Now. When I get new clothes, even when I'm the one who bought them and tried them on in the store, I try them on again with the clothes I have at home, check out my butt in the mirror, make sure everything's a-okay. If the clothes suddenly seem less then perfect, if my butt feels unflattered, no problem. I simply return the clothes. Returning clothes is almost more fun than buying them in the first place, when you're a deja. I get to take them back and get DIFFERENT clothes, with money that feels free because I spent it yesterday. This is how I shop: returning about 50-75% of what I get on the first run. It pleases me.
I'm learning this is not Sam's way, and perhaps it's not the way of the husband, in general. His pretty black slacks sat on top of his dresser for days until I straightened the room and hung them up in the closet. Then one morning, he put them on, conducted his odd maneuver of holding up his pants while holding down his underwear and tucking in his shirt, and went to find his shoes. To my dismay, his pretty black pants were too short. He thought nothing of it, changed slacks, and put those ones back on top of the dresser. Aside from the fact I did a bad job at buying the man clothes, I didn't mind the thought of returning them. Except for one glitch: he'd tossed the tags.
Another element of me as shopper: I'm fastidious about tags. I don't take them off until it's actually time to leave the house and I'm really REALLY sure I want the item. Sam cuts them all off and chucks them before he's even tried the clothes on. This is very strange business.
I looked for the tags, hunted in every wastebasket, examined every counter top. No sign of them. I was devastated. Here was forty bucks, essentially, just sitting on the dresser, nonredeemable. I'm embarrassed to say how much it distressed me. I mean, I think I lost sleep over those pants. Sam, on the other hand, remained unfazed. He said he'd give me the forty bucks if it would make me feel better. But now that we're married, that doesn't help much.
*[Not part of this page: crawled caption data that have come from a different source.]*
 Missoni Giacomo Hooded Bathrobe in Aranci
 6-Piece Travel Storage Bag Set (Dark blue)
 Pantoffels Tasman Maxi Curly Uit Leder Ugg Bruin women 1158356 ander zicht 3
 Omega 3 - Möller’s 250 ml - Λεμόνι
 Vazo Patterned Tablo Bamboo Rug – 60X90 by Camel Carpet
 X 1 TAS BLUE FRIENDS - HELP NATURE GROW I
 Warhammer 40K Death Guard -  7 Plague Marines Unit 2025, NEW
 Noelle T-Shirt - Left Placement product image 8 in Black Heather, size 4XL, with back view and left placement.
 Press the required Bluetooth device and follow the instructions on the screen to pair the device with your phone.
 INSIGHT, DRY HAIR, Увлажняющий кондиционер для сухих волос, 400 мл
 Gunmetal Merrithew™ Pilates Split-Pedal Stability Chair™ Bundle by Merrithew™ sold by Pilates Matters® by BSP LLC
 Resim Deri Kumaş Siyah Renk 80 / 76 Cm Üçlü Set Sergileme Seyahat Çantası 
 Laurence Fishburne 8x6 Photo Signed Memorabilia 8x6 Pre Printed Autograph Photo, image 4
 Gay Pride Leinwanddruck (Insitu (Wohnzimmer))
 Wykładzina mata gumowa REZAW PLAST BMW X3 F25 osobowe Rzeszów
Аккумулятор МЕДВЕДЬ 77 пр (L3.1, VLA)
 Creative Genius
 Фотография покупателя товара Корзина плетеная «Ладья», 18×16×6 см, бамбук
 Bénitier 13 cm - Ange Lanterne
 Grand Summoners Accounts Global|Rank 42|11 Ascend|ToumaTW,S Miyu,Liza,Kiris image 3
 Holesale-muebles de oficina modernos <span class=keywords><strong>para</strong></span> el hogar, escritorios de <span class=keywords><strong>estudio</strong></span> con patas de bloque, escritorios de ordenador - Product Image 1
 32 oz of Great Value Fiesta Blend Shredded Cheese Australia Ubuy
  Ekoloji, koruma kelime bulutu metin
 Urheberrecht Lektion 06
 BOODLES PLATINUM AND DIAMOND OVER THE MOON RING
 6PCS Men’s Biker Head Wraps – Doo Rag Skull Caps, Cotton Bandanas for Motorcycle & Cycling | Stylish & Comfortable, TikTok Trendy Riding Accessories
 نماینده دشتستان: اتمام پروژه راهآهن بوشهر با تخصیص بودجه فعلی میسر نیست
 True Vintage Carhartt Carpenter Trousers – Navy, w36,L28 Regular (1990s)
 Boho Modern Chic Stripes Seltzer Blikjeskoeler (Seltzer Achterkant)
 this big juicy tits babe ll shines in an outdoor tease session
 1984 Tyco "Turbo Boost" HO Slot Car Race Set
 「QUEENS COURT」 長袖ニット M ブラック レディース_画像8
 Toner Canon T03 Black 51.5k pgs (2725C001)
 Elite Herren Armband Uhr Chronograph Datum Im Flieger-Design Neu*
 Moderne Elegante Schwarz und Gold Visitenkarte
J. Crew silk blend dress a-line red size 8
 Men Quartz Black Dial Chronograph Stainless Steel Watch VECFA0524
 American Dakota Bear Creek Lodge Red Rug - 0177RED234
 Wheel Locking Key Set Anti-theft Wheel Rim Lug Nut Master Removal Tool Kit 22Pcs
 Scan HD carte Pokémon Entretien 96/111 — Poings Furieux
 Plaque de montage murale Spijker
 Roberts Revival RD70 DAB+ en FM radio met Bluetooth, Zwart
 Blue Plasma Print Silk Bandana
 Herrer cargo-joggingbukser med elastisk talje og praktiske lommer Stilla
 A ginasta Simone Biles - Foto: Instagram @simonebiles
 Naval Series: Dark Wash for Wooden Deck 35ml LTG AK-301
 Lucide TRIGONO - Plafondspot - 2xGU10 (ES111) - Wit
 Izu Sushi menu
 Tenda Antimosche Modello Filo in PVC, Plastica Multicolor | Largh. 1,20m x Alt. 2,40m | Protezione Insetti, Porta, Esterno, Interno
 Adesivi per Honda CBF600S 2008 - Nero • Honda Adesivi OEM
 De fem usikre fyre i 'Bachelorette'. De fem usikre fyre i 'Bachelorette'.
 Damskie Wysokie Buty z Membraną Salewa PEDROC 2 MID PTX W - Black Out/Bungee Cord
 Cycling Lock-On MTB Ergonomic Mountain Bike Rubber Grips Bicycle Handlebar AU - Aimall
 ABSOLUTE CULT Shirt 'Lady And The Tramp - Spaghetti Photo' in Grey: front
So I decided to try to take them back to Kohl's anyway, throw myself on their mercy, plead clueless husband. And for the record, they were very kind. They would have let me make the return, but they said they actually didn't carry those pants, didn't have that brand in their store at all, as far as they knew. I was huffy; I was rude; I insisted that they did. They told me I was welcome to search the store. If I found the same pants, I could return mine.
Oh I searched and searched. Never has a woman been so determined. But I finally had to admit they appeared to be right: if they had ever carried that brand, they did not now. So much for clearance shopping.
I remained defeated in this slacks fiasco until later that week, when I was straightening up the bedroom again, and I decided to re-hang the poor pants, in hopes that maybe someday I'd be smart enough to let out the hem, or that maybe Sam would shrink or something. And I noticed: those were not the size numbers I had so carefully selected. We'd had a big conversation about how men sizes work, how to pick the right one, etc before I went shopping, and these, these were not those numbers. I went to the closet, flipped through a few hangers, and found the BEAUTIFUL shiny slacks I bought in the FIRST place. The TRUE pants, with their slick black tags still perfectly afixed, and their righteous size numbers clearly proclaimed. What a moment of bliss that was.
By the by, they fit beautifully.
But what I don't understand: how could someone, anyone, put on an OLD pair of pants, and think they had the new one? Are new clothes not one of the purest joys, and can't one tell when fresh fabric enfolds the skin? How could one not notice the taglessness? Sigh. The husband is a strange creature.